I have yet to make the trip myself...But a freind of mine fishes steel alot....He always uses egg patterns and nymphs....and does very well.....size 12-14 pheasant tails or gold rib hares ears and a egg pattern....once you see which pattern the fish are taking...put that one as the bottom fly......


----------



## Steel Cranium (Aug 22, 2005)

Find actively spawning fish and concentrate on the deeper water immediately below them. Use egg patterns or silver/white patterns resembling pieces of flesh released while digging the redds. Often, fish that have spawned or those waiting will hang out below spawning fish for an easy meal. Pick a long portion of river to walk with a lot of gravel/rapids and don't spend too much time in one place - keep finding the active fish, spend a little time below them, hit the next pod/pair.


----------



## ducman491 (Oct 31, 2011)

We were within 5ft of them at some points. I saw them cruise right over top of my bugger a number of times. I will say it was less frustrating than endlessly casting into muddy water for hours on end not knowing if the fish were even there.


----------



## rickerd (Jul 16, 2008)

My advice take it for what you will, only use one fly at a time. 2 flies just gets you fouled and lose flies or fish swim away. Egg flies catch females mostly. If you catch female, the males will leave also. Try big streamers that mimic sculpins. These fish like to steal eggs. Males will react in a offensive, manner toward an egg stealer. Try to strip the flies a foot or two in front of their nose, or swing them into range sloooowly with the current. You can get them to attack once in a while. It is true the Dropback fish down below are much more fun and looking for food. 
Rickerd


----------



## bigduck10 (Feb 15, 2009)

Two schools of thought. 
1. Leave them alone. I prescribe to this one. Better for the fish

2. Go ahead and have at it. I have heard some guys using s bugger or a Streamer.


----------



## injun laker45 (Jun 28, 2011)

You were too close. I like to be above the fish and
let the current take it down to where the fish are holding.
Usually two or three males hanging with a particular female.
We never wanted to catch the females and if we did it was CPR


----------



## Chef T (Feb 28, 2011)

Everybody has an opinion on bed fish, lol, but it can be done with success and ethically.
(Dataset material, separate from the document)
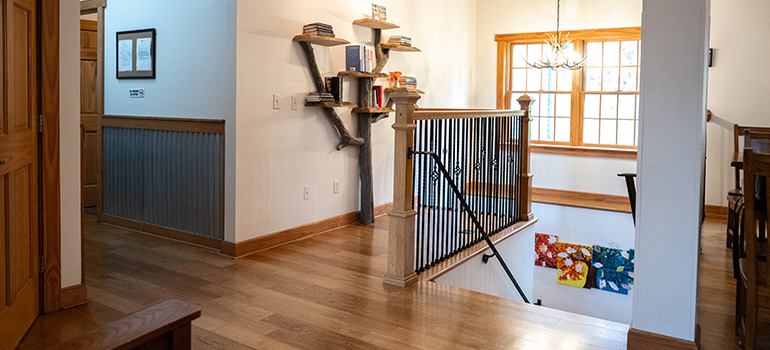 a staircase at Little Creek facility where patients stay thanks to Blue Cross Blue Shield drug rehab coverage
Being 5 feet in front is too close, the jig is up. You need to fish spawners like its a hunt! Approach the fish slowly first, trying to be at an 45 degree angle so your presence is minimal. Slow down and check the behavior the fish. That will tell you if they are players or sulkers. If they are players and hold their ground, observe the ritual. Typically there will be more than one male present. Pick the dominate big boy for your first vic. You can catch him by swinging large, light weighted streamers. The bigger the better. Once he's hooked, the next male will say thanks and move up to his spot.Rinse and repeat. Keep that gal doing her thing and you can pick off every guy that wants some action  . Make sure to get the weight of your rig right and you'll never snag a fish and it's fun. I love watching a huge buck chase down my fly, lol. I've had them follow it right back to me, a few feet off my tip. As far as the females, I leave them alone. They are my "bait". Also make sure to swing in the dark water behind for droppies and other males. 
My 2 cents..


----------



## steelheader007 (Apr 8, 2004)

It's a catch and kill fishery. I don't fish for actively spawning fish. 
People can fish like they want. Some people th


----------



## floater99 (May 21, 2010)

Do like a guy I seen using a maggot sz 4 hook and a cpl large splitshots ??


----------



## spectrum (Feb 12, 2013)

Chef T pretty much has it down, the only thing I'll add is change up your flies if your not getting them. I've fished a group of 10 one time for 1 hour and nothing switched to the same fly with a orange head and picked them off one at a time. Most likly where I got tennis elbow


----------



## bigduck10 (Feb 15, 2009)

I had the same thing on a large group of drop backs couple of years ago.
Thought I was going to have to cut my arm off it hurt so bad.


----------



## ducman491 (Oct 31, 2011)

I was 20 yds upstream of where they were sitting in a riffle trying to cast across and drift down to them and they would swim right past me chasing each other as if I wasn't there. They weren't concerned at all with me.


----------